# VOTE! Most Famous Landmark



## Artemy13 (Aug 7, 2005)

Certainly Pyramids of Giza


----------



## CrazyDave (Oct 30, 2005)

I'll say the Great Wall of China. It can be seen from so many places.


----------



## coalfactor (Nov 14, 2005)

tour eiffel


----------



## andypandy (Apr 28, 2004)

How do you judge most famous?


----------



## davykid15 (Dec 29, 2005)

I have to say the pramids of Giza. It's just as famous now as it was thousands of years ago. And to be the only remaing wonder of the Seven Wonders of the Ancient World, that must say something.


----------



## Dancer (May 31, 2005)

Gotta go with the Pyramids of Giza.
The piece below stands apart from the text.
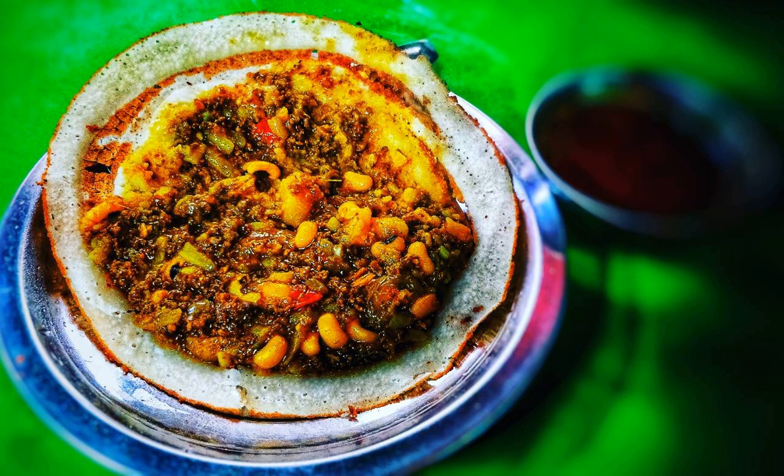Chatamari is now widely eaten as a snack and has become popular among other cultures too. Many restaurants in Kathmandu serve chatamari as an appetizer. There are small eateries that serve chatamari as the main item on their menu.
They are all equally famous but the Pyramids of Giza were famous around the world long before any of the others were built.


----------



## empersouf (Mar 19, 2004)

Tour Eiffel ofcourse.


----------



## Manila-X (Jul 28, 2005)

Hard one but I'll go with Eiffel Tower!


----------



## Lanier (Dec 19, 2005)

Pyramids of Giza


----------



## Schroedinger's Cat (Oct 8, 2003)

Pyramids of Giza


----------



## i_am_hydrogen (Dec 9, 2004)

The most famous: Pyramids

The greatest: The Great Wall of China


----------



## 909 (Oct 22, 2003)

Eiffel Tower


----------